Hal yang demikian itu disebabkan jika tuhan menghendaki seorang mukmin untuk maksud-maksudnya sendiri, maka dia melakukan melalui keaadan ruhani dan mengujinya dengan berbagai musibah. Allah  kemudian membuat keadaan sedih setelah memberi kesenangan, bahkan seorang mukmin tersebut dibuat hampir meminta kepada orang lain. Sedangkan tak ada jalan lain untuk berikhtiar. Allah kemudian menyelamatkan orang mukmin tersebut sehingga tidak meminta, melainkan meminjam kepada orang lain. Lalu Allah menyelamatkan dari meminjam. Dibukanya jalan ikhtiar sehingga sang mukmin bisa melakukan / menemukan pekerjaan guna mencari nafkah. Allah memudahkan jalan untuk mencari rizki. Dengan demikian ia hidup dari pencarian nafkah tersebut, dan yang demikian ini sejalan dengan sunnah nabi.
Tapi Allah kemudian melakukan pembinaan ruhani kepada si mukmin tersebut dengan menutup rezeki yang dicarinya. Si mukmin diberi kesulitan dalam hidup. Lalu Allah memerintahkan melalui ilham untuk meminta kepada orang lain. Yang demikian ini (ilham ini) adalah suatu perintah tersembunyi yang hanya diketahui oleh dirinya sendiri. Sesungguhnya permintaan kepada orang lain yang dilakukan semata-mata karena diperintahkan Allah, bukan karena kesyirikan. Lalu Allah menyelamatkannya untuk tidak meminta, tetapi meminjam kepada orang lain. PerintahNya ini kuat sehingga si mukmin tak bisa mengelakkan lagi. Tapi kemudian Allah mengubahnya dari keadaan yang demikian ini. Si mukmin pilihanNya itu dijauhkan dari orang-orang dan hanya bertumpu kepada Allah semata. Maka segala kebutuhannya disandarkan kepada Allah, hanya memohon kepada Allah, tidak memohon kepada yang lain.

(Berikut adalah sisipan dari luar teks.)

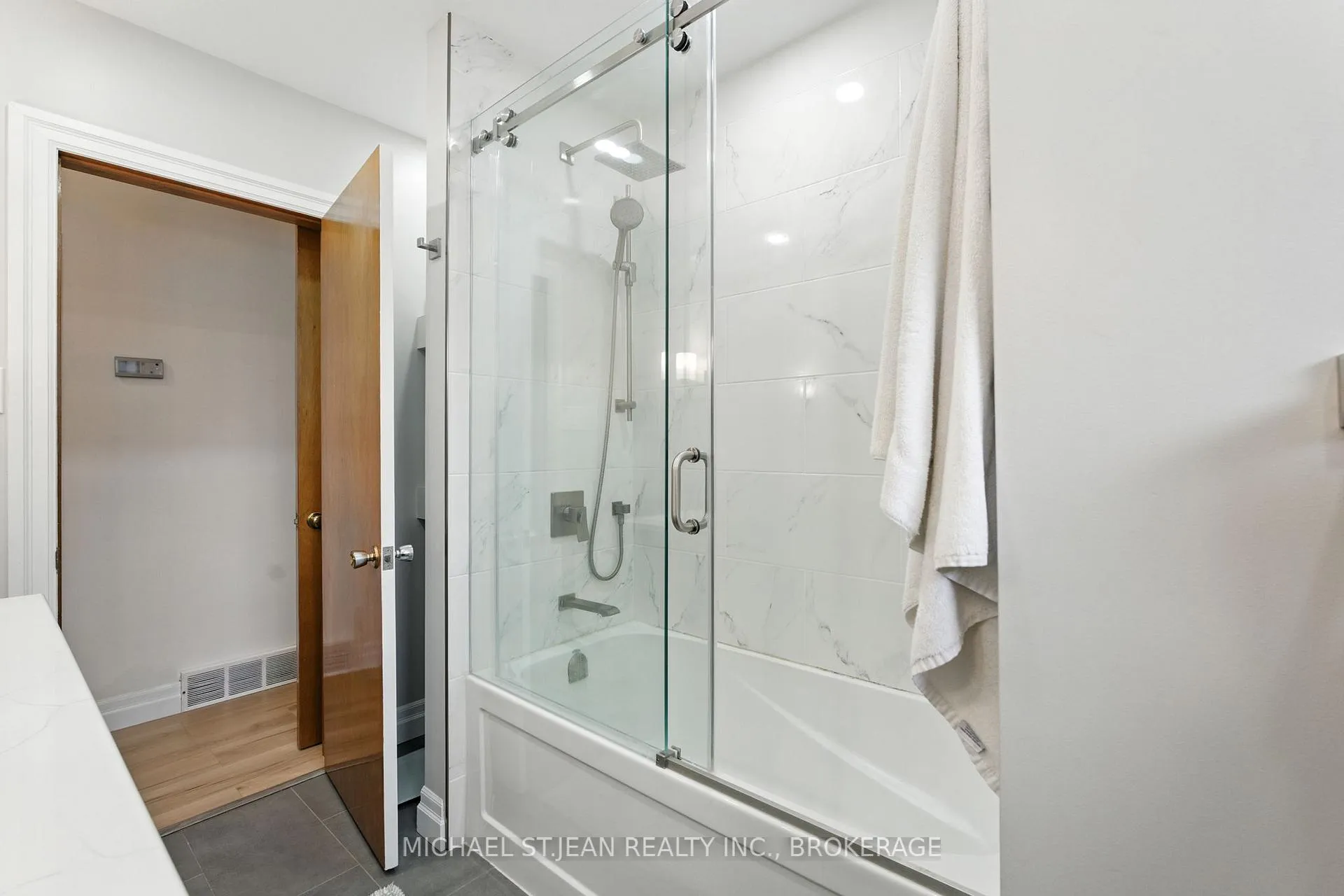Photo 28 of 20 Woodside Drive, Hamilton, Sherwood — HOMEH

Semula si mukmin memohon atas permintaannya dengan lidah, tapi kemudian diubahnya dengan meminta melalui kata hatinya atas segala yang dibutuhkan. Lalu Allah menafikannya dari dirinya (diri si mukmin) dan dari meminta baik secara terbuka maupun secara diam-diam. Allah memberi karunia tentang segala yang membuat orang menjadi baik. Sehingga segala yang dimakan, diminum, dipakai dan kebutuhan hidup lainnya tanpa melalui ikhtiar atau tanpa disangka-sangka datangnya. Karena dia telah menjadi wali Allah. Sesuai dengan ayat :
“Sesungguhnya waliku, ialah Allah yang menurunkan kitab, Dialah yang menjadi wali bagi hamba-hamba orang-orang yang shalih.” (QS. Al-A’raf: 196)

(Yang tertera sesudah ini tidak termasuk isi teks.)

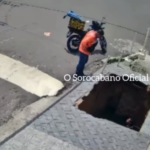 Estudante cai em buraco após calçada ceder em Manaus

Maka firman Allah yang diterima oleh Nabi bahwa barangsiapa tak sempat meminta sesuatu dariKu, aka Aku akan memberinya lebih dari yang Kuberikan kepada mereka yang meminta.

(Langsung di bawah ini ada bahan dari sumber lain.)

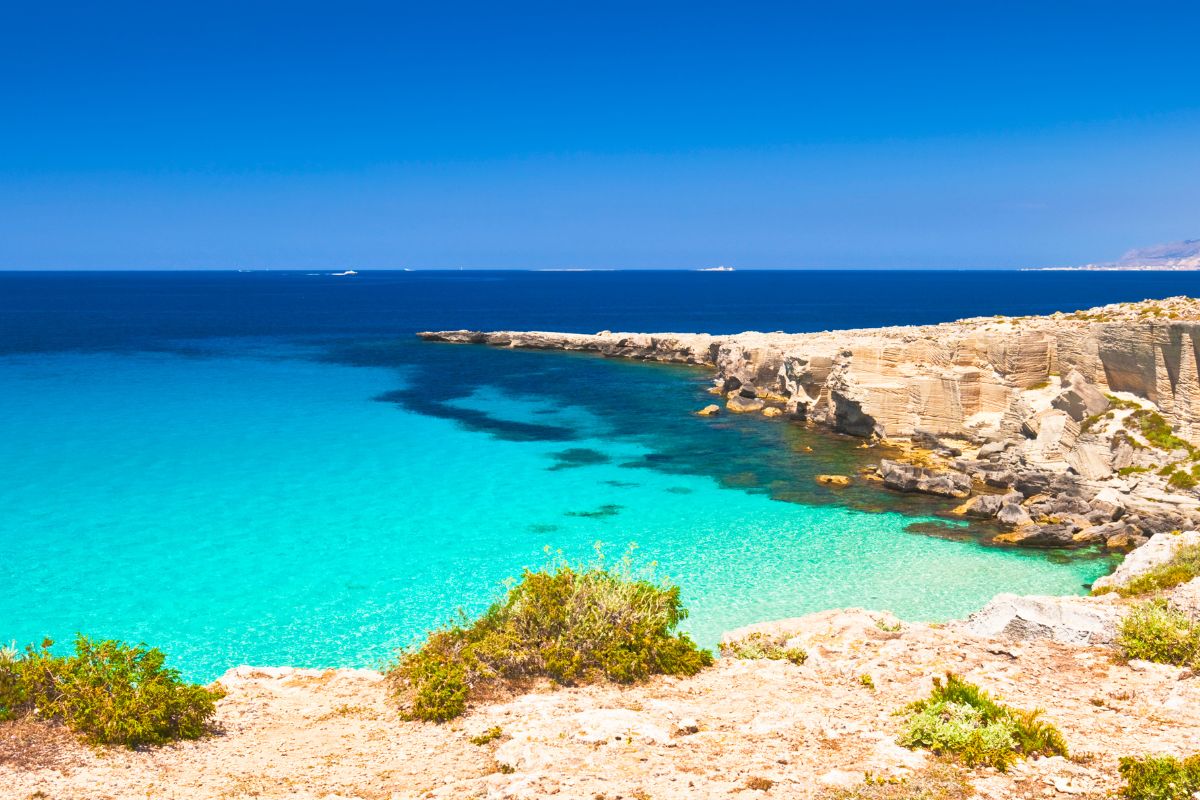 Favignana: un paradiso mediterraneo tra storia, natura e gusto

Itulah keadaan fana dalam Tuhan, suatu keadaan yang dirasakan wali dan badal. Pada tingkatan ini, mereka mendapat karunia berupa daya cipta, dan segala yang dibutuhkannya terwujud atas ijin Allah, sebagaimana firman Allah:
“Wahai anak adam! Aku adalah Tuhan, tiada tuhan selain diriKu, bila Kukatakan kepada sesuatu ‘Kun-jadilah’ maka akan terjadi sesuatu itu. Patuhilah Aku, sehingga apabila kau berkata kepada sesuatu ‘Kun-jadilah!’ maka sesuatu itu akan maujud juga.